The other stack I topped with blueberry Capote and pan-fried pears. Doesn’t that sound wonderfully delicious? I drizzled both versions with a bit of Barrel Aged Bourbon Maple Syrup I got a Trader’s Joe, this stuff is the absolute truth. I love it too much!
Buttermilk & Pistachio Mini-Pancakes
Ingredients:
- 2 cups Krusteaz’s Buttermilk Pancake mix
- 2 1/2 cups room temperature buttermilk
- 1/2 stick unsalted melted butter
- 1/2 cup chopped and toasted pistachios
- 1 tablespoon ground cinnamon
Eggs:
- 2-3 eggs
- 1/2 cup grated Parmigiano Reggiano cheese
Note: I melted an additional 1/2 stick of unsalted butter, then add it to a 1/2 cup of extra virgin olive oil for cooking the pancakes.
Turn on the oven to its warm setting or at 190 degrees. Keep cooked pancakes in the oven to keep them warm.
Directions:
- In a large bowl add buttermilk pancake mix, buttermilk, melted butter, and ground cinnamon. Mix until ingredients are just combined. Over mixing will make your pancakes tough.
- Allow pancake batter to sit on the counter until little air bubbles appear, about 10-15 minutes. Trust me.
- Using a cast iron skillet over med-high heat brush on one tablespoon of the olive oil/melted butter mixture.
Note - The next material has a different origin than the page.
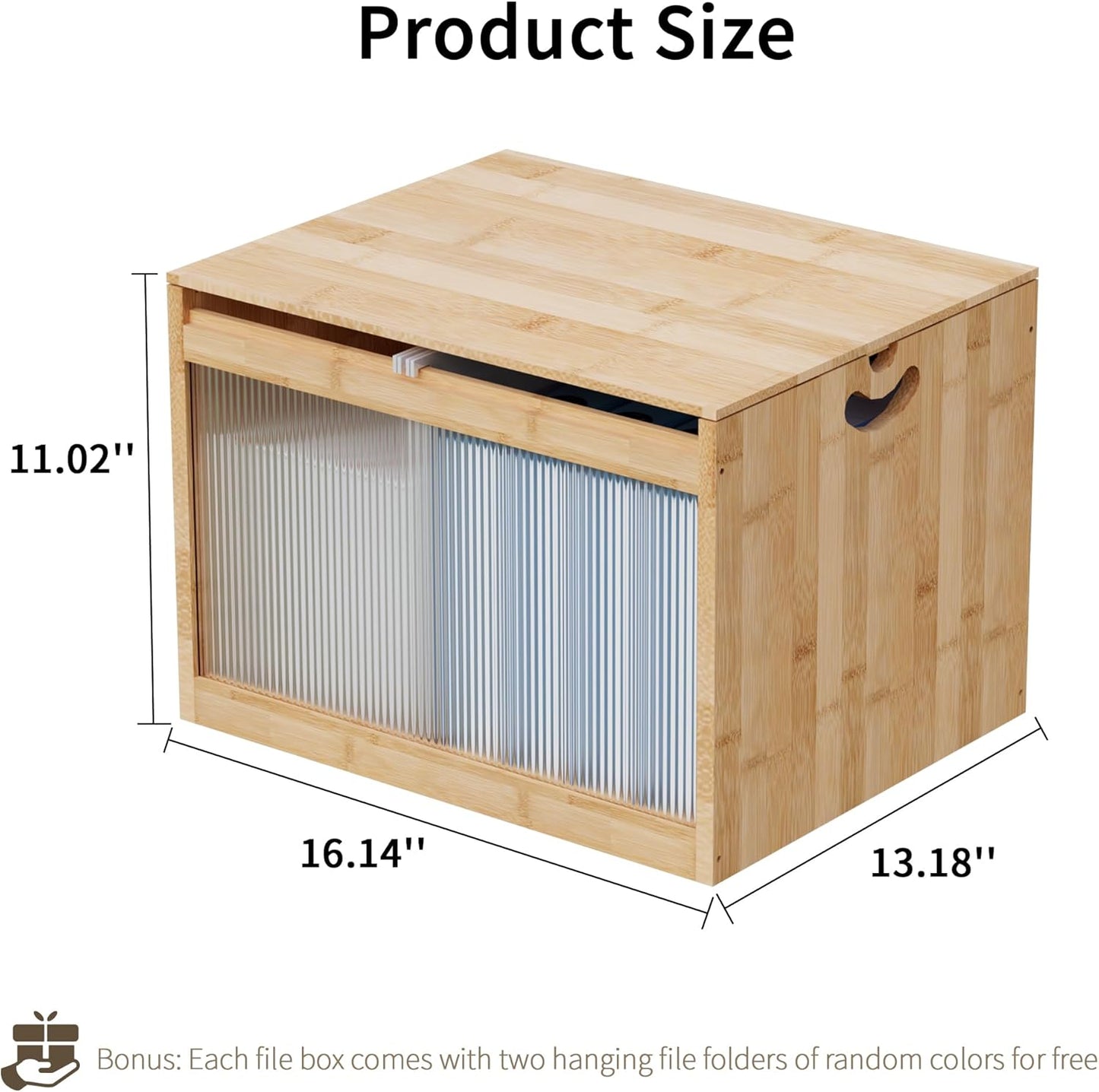 Natural Bamboo & Acrylic File Box with Removable Lid, Modern File Organizer Box for Letter/Legal Files, Hanging File Box with Easy Assembly & Dustproof Storage for Home Office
- When the oil is hot, add 2-3 tablespoons of pancake batter. When air pockets begin to form on top of the pancake sprinkle on chopped pistachios, then using a spatula, carefully flip the pancake over. Cook until golden brown. Brush with melted butter and stack on a serving platter, keep pancakes in the preheated oven until ready to serve.
- Prepare a sunny side up egg, place it on top of three stacked pancakes, grated cheese.
- Top with fresh cilantro.
- Serve.
How to make Blueberry Capote
- 3/4 cup water
- 1/2 cup granulated sugar
- 1 tablespoon pure vanilla extract
- 1 teaspoon lemon zest
- 1 tablespoon fresh lemon juice
- 2 1/2 cups picked over and washed blueberries
- 1/8 teaspoon ground clove
Directions:
In a medium saucepan over med-high heat bring water to a boil, sugar, and blueberries. Add lemon zest, vanilla extract, and stir. Continue to cook for 8 to 10 minutes or until mixture begins to thicken. Remove from heat, and add lemon juice. Allow mixture to steep for 15 minutes.
Serve.
Everyone in your family will love mini pancakes, and this Easy Buttermilk Pancakes recipe with delicious pistachios is a perfect recipe. It is simple, delicious, and everyone will be raving about how amazing your pancakes are at breakfast!
Janelle says
For the savory pancake, when are the pistachios added? Did I miss where you typed that?
Janelle says
Nevermind! I found it! Reading comprehension is hard. ;D
T Worthey says
Great! Let us know if you have any other questions, Janelle! Thanks for stopping by~!